Bartlett disputed the account.

“If anything, he barely put a hand on her to push her back,” he said.

Bruce said the response illustrates a need for reform and encouraged people to weigh in during a Tuesday night City Council meeting.

Cottonwood Heights Councilwoman Tali Bruce answers questions about a Sunday protest that erupted in clashes with police during a press conference at Mill Hollow Park in Cottonwood Heights on Monday, Aug. 3, 2020. (Photo: Yukai Peng, KSL)

Russo declined comment, citing the pending lawsuit from the James family.

Late Monday, a group of about 200 rallied in support of police at Cottonwood Heights City Hall, where several held American, thin blue line and Donald Trump 2020 flags.
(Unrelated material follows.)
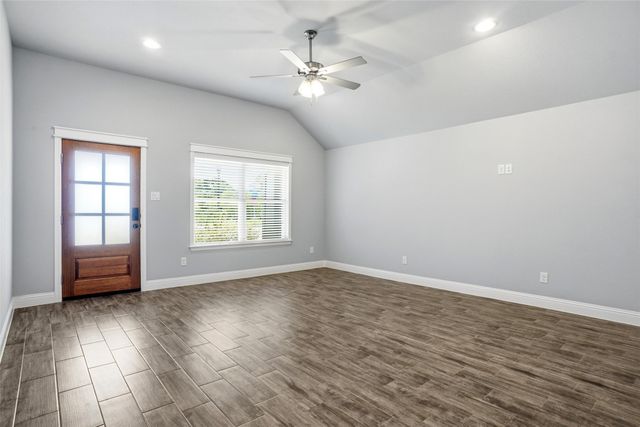 103 Clover Circle, Weatherford, TX 76086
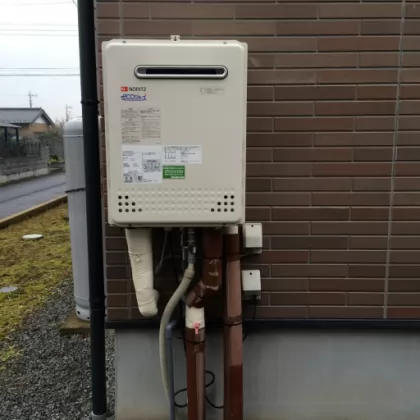 埼玉県加須市 交換後の給湯器 ノーリツ GT-C2452AWX-2 BL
Some carried assault rifles and wore tactical gear as they milled about.

Many were with the group Utah Citizens’ Alarm, formed after police say a protester in Provo shot at cars, striking and injuring one driver on June 29. The group’s president, Casey Robertson, said he hoped to deter people from causing trouble.

“I think the silent majority is tired of violence. They’re tired of the potential for something like what happened last night in their own neighborhoods,” Robertson said.

From across the street, counterprotesters traded dueling chants with those supporting police.

Following the Sunday protest, six others were arrested and booked into the Salt Lake County Jail for investigation of rioting charges. They are: Jessica Eichbauer, 34; Jacob Hall, 29, Rex Knab, 21, also accused of assaulting an officer; Andrew Carter, 35, also accused of assaulting an officer; Taylor Lajeunesse, 30; and Benjamin Ehlinger Lehfeldt, 23.